17.  Eucalan is a great mild hand washing detergent for clothes (especially wool) that doesn't require rinsing, just in case you have a tough time rinsing soap out completely when you hand wash.

18.  Some flight attendants deliberately give you the wrong meal if you dare to be awake an hour after takeoff.  I asked for pasta (to help me get sleepy); I got some Mexican chicken dish that was too spicy for me to eat.  And you know, I do like spicy stuff, but that was inedible.  It's why I didn't give them the chocolates I'd brought for them.  (I'd given some to the flight attendant in my previous flight who had helped me get my carryon stowed -- someone took my allotted space with extra bags -- she seemed thrilled about the treats.)

19.  It's not worth it to bring any kind of jewelry or expensive scarf when you travel.  You become too worried about accidentally losing your nice things. I didn't bring a bit of jewelry, but I regretted bringing my silk scarves, because I didn't wear them.  I did get a lot of use out of my pashmina, though.

20.  The more equipped you are to help other people with their travel needs / emergencies, the more likely they are to expect you to take care of them. Take care of yourself, and stopping worrying about the quality of their travel experience.  Sometimes travelers need to learn from their mistakes.  They can buy toothbrushes and toothpaste, improvise pajamas, and buy their own safety pins when they need them.  Teach a man to fish and he will eat for a lifetime.

21.  Tons of secret pockets in your jacket are awesome.  Just make yourself a list of what's in each pocket so you don't have to dig.  

22.  Baggu still makes great fold-into-your-pocket shopping bags that weigh almost nothing.  I suspect the extra large ones could be worn as backpacks. (The regular ones are a bit too snug across the shoulders.). They're great as carry-ons for the plane, bus, or train.  Attach a carabiner for hanging help.  

23.  Tis better to pin things to the lining of your bag than to go searching for a single safety pin when you need it.  If you leave five safety pins attached in a highly visible location, you'll always know where to find them.  Leave them there forever, until you need them.  

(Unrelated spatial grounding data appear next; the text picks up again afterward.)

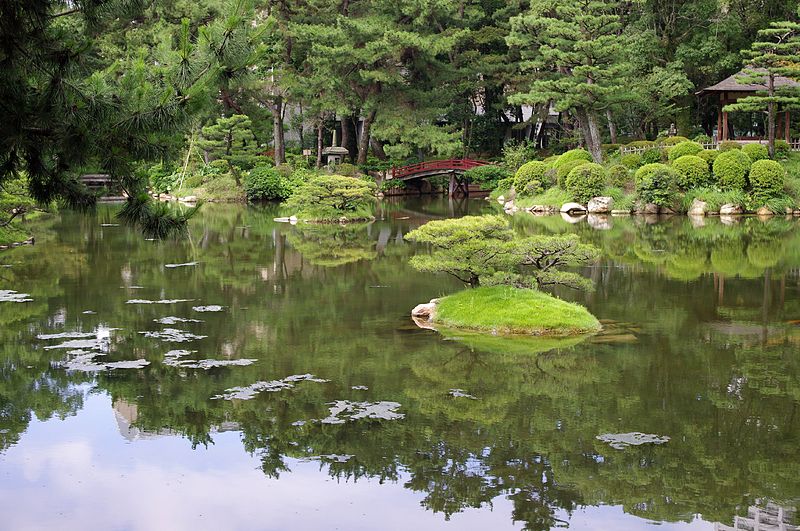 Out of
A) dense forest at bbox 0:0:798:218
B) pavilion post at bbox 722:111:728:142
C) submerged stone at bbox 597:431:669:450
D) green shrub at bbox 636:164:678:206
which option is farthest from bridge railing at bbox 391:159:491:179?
submerged stone at bbox 597:431:669:450

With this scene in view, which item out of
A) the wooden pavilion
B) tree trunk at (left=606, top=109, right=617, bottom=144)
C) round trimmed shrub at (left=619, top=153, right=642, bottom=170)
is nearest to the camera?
round trimmed shrub at (left=619, top=153, right=642, bottom=170)

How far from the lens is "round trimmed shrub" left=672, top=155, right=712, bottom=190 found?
32500mm

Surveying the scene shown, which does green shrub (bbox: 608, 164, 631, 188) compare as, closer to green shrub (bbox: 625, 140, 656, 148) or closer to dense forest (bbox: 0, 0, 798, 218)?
green shrub (bbox: 625, 140, 656, 148)

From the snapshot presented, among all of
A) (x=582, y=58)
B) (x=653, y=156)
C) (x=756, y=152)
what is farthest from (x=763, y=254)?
(x=582, y=58)

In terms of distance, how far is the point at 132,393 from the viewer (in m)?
10.5

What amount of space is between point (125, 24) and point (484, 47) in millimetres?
17578

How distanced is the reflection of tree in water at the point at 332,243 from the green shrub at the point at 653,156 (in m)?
11.8

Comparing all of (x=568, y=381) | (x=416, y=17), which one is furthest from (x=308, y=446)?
(x=416, y=17)

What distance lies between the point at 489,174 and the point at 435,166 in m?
2.56

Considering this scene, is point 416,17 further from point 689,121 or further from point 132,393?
point 132,393

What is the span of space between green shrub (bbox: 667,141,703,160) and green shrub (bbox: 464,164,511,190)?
9.74m

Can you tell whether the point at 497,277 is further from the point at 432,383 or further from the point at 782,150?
the point at 782,150

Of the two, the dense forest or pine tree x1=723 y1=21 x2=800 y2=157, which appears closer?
pine tree x1=723 y1=21 x2=800 y2=157

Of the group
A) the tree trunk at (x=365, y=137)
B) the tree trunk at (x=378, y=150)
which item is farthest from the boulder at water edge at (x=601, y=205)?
the tree trunk at (x=378, y=150) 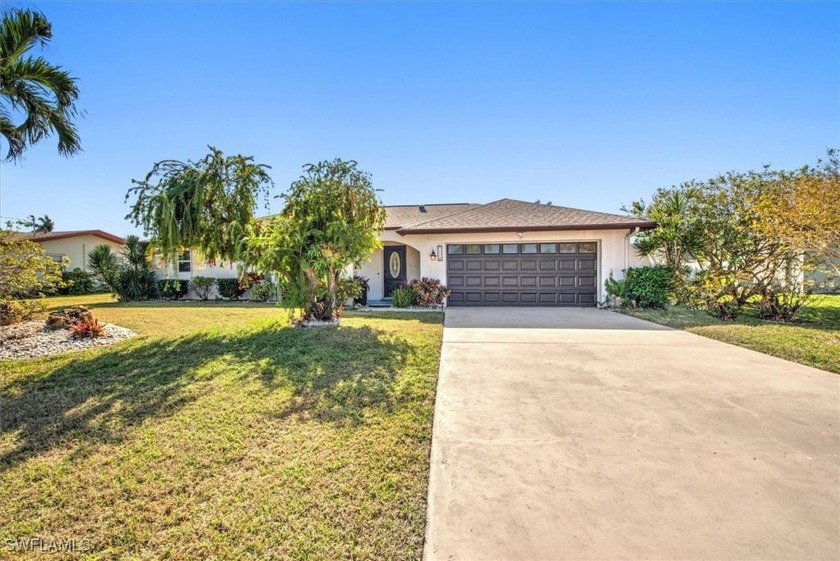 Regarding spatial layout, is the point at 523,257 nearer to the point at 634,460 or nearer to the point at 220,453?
the point at 634,460

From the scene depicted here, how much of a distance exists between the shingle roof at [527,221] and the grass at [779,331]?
301 centimetres

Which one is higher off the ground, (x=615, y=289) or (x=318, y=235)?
(x=318, y=235)

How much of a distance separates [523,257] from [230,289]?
12.2 meters

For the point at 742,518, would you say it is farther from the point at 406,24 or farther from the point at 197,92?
the point at 197,92

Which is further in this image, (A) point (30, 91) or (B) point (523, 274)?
(B) point (523, 274)

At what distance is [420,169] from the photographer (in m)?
15.6

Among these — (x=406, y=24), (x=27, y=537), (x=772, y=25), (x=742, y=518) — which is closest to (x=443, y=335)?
(x=742, y=518)

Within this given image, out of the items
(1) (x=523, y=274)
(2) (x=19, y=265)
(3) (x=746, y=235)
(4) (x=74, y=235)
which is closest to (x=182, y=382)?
(2) (x=19, y=265)

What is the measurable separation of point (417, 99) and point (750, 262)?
1088 cm

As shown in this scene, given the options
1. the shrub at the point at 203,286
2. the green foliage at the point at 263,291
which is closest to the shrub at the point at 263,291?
the green foliage at the point at 263,291

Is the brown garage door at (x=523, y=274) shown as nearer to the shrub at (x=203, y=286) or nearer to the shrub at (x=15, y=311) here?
the shrub at (x=203, y=286)

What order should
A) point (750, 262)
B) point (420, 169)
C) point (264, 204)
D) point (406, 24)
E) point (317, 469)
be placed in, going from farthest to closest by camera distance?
point (420, 169)
point (750, 262)
point (406, 24)
point (264, 204)
point (317, 469)

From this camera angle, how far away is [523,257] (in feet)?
42.0

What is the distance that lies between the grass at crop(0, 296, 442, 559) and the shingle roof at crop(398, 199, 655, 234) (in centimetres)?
728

24.  Bring along an external battery for your smartphone.  Although airports are finally starting to add charging stations, it's not always easy to find a seat beside a free one.  Besides, it's a drag running out of battery life when your phone IS your travel camera.  Now airports require all smart phones to have enough power remaining to prove its a phone and not a bomb detonator, or they won't let you fly.  Better have backup power!  One caveat: People might think that you brought the battery to charge THEIR devices.  Recommend a good charger for them to purchase before you go.

25.  Turn on location tagging for your photos so that later you'll know exactly where you took that picture.  It shouldn't cost you a cent.  (I forgot!)

26.  Sugar free gum will ruin your trip if it is sweetened with Xylitol or Sorbitol.  It's horrible stuff!  It does nasty things to your stomach!  (And if you find out accidentally that you're sensitive to it, your whole torso may swell up.  I kid you not!  I suddenly had problems fitting into bras and stretchy pants that had fit me a few days before. Not being a regular gum chewer, the issue snuck up on me. ). You're better off going with good old fashioned sugary Juicy Fruit on the plane and accepting you consumed another few calories.  Read about the pain and nastiness here: 

27.  Eating bread before you fly causes gas.  I didn't find that out from personal experience... Just from reading. Lol

28. If you can sew the most basic running stitch, you can retrofit a travel bag with pockets.  I have a 31 Retro Metro Weekender bag that is a cavern of almost pocketless space on the inside.  I cut up a cheap mesh laundry bag and sewed pockets into the sides of my bag with the mesh because it wasn't working for me. It was so much easier to stay organized that way.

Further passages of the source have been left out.